JG: Would you be content with an Iran that is perpetually a year away from being able to reach nuclear-breakout capability?
HRC: I would like it to be more than a year. I think it should be more than a year. No enrichment at all would make everyone breathe easier. If, however, they want a little bit for the Tehran research reactor, or a little bit for this scientific researcher, but they’ll never go above 5 percent enrichment—
JG: So, a few thousand centrifuges?
HRC: We know what “no” means. If we’re talking a little, we’re talking about a discrete, constantly inspected number of centrifuges. “No” is my preference.
JG: Would you define what “a little” means?
HRC: No.
JG: So what the Gulf states want, and what the Israelis want, which is to say no enrichment at all, is not a militant, unrealistic position?
HRC: It’s not an unrealistic position. I think it’s important that they stake out that position.
JG: So, Gaza. As you write in your book, you negotiated the last long-term ceasefire in 2012. Are you surprised at all that it didn’t hold?
HRC: I’m surprised that it held as long as it did. But given the changes in the region, the fall of [former Egyptian President Mohamed] Morsi, his replacement by [Abdel Fattah] al-Sisi, the corner that Hamas felt itself in, I’m not surprised that Hamas provoked another attack.
JG: The Israeli response, was it disproportionate?
HRC: Israel was attacked by rockets from Gaza. Israel has a right to defend itself. The steps Hamas has taken to embed rockets and command-and-control facilities and tunnel entrances in civilian areas, this makes a response by Israel difficult.

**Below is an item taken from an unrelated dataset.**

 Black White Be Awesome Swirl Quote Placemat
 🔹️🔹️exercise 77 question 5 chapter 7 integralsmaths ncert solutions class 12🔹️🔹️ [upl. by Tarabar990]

Of course Israel, just like the United States, or any other democratic country, should do everything they can possibly do to limit civilian casualties.
JG: Do you think Israel did enough to limit civilian casualties?
HRC: It’s unclear. I think Israel did what it had to do to respond to the rockets. And there is the surprising number and complexity of the tunnels, and Hamas has consistently, not just in this conflict, but in the past, been less than protective of their civilians.
JG: Before we continue talking endlessly about Gaza, can I ask you if you think we spend too much time on Gaza and on Israel-Palestine generally? I ask because over the past year or so your successor spent a tremendous amount of time on the Israel-Palestinian file and in the same period of time an al Qaeda-inspired organization took over half of Syria and Iraq.
HRC: Right, right.
JG: I understand that secretaries of state can do more than one thing at a time. But what is the cause of this preoccupation?
HRC: I’ve thought a lot about this, because you do have a number of conflicts going on right now. As the U.S., as a U.S. official, you have to pay attention to anything that threatens Israel directly, or anything in the larger Middle East that arises out of the Palestinian-Israeli situation. That’s just a given.